Project 2.3: Basic Webapp : CS 257

Learn about the technical infrastructure of a web application, so that you can better plan your project.
Set up skeleton code that implements a basic information flow: user → browser → web server → web application, and back.
Create a clean interface between the web application and your eventual data source. (In the end, the web application will talk to the database before responding back through the chain of command to the user.)

This page looks really huge, but the steps are mostly pretty straightforward. Please read through all the instructions before you dive in, so you have a sense of where you're headed.

Step 0: Set Up the Server

Follow the instructions in the Server Lab to get yourself set up with a clone of your Bitbucket repository right in the proper directory on our server, Thacker.

Step 1: Set Up the Skeleton

Before you start, try out my starter application from the user perspective. Visit tinywebapp.html and try entering stuff in the form. Notice that when you submit the form, the values you entered show up in the URL. That's because the values get submitted to the processing script (tinywebapp.py) by GET rather than POST.

If you directly visit tinywebapp.html in your browser, then the server sees that you're asked for an HTML page and sends it back to you, and then your browser renders it. If, on the other hand, you visit tinywebapp.py, you're asking the server to run the script, and it will return the output to your browser. (As it happens, tinywebapp.py crashes when provided no input, so we get an error when we try to run it. That's no good!)

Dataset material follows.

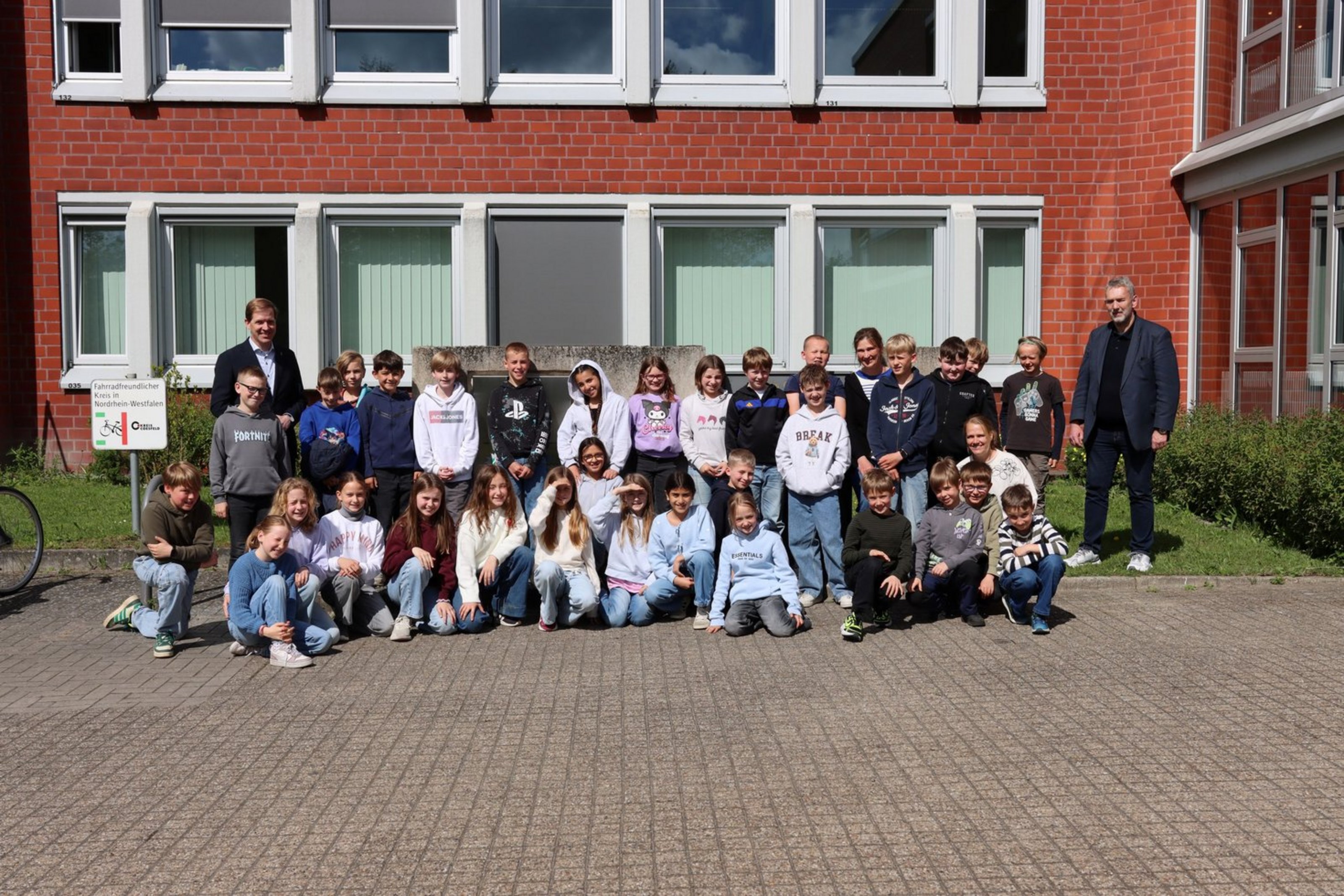 Eine Gruppe von Grundschulkindern steht gemeinsam mit Landrat Dr. Christian Schulze Pellengahr vor dem Kreishaus und blickt in die Kamera.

I have a special script that's just made for displaying the source code of other files that sit on the server. By using this script, I can let you see the source code of the two files that make up my application: tinywebapp.html and tinywebapp.py.
Create copies of tinywebapp.html and tinywebapp.py in your local Git repository. You can either right-click and save the source-viewing links above (you'll have to correct the names, though), or you can copy-and-paste the source code into your text editor.
In order for the web server to run tinywebapp.py properly, it has to be marked as executable. On the command line (on your local machine), navigate to your repository directory and then do the following:
```
ls -l tinywebapp.py
chmod a+x tinywebapp.py
ls -l tinywebapp.py
```
The leftmost column of information when you run ls -l tells you the permissions on the file. Notice what changed: tinywebapp.py is now marked as executable (“x”) for all user categories.
Now that you have both tinywebapp.html and tinywebapp.py in your repository, and the permissions are set correctly for the Python script, add these files to source control, commit, and push.
SSH into Thacker (in a separate Terminal window or tab), navigate to your webapp directory (it should be as easy as typing cd 257_web), and then pull.
Load up http://thacker.mathcs.carleton.edu/cs257/CARL_USER/tinywebapp.html in your browser. Hooray! You've got a webapp!

Interlude: File Manipulation Through Git

Source-control tools like Git are experts at remembering the past. This is a great advantage sometimes, but other times it can be obnoxious. What if you want to delete a file from your webapp directory? If you don't do it properly, then every new pull from the origin repository will recreate that old file.

The trick is to let Git know about the changes you want to make. Every change is considered a modification to the working copy, which can be added (committed (recorded in the local repository) and pushed (recorded in the remote, origin repository). So here are a couple handy tools.

To delete a file called foo.py that's currently in your repository:
```
rm foo.py
git add foo.py
git commit
git push
```
Here the add command is letting Git know that you want it to pay attention to the fact that you deleted the file; you're planning on committing that change. (Sometimes you delete a file just so that you can re-pull the origin copy of it, for example; here we're letting Git know that we really mean to remove the file from the repository.)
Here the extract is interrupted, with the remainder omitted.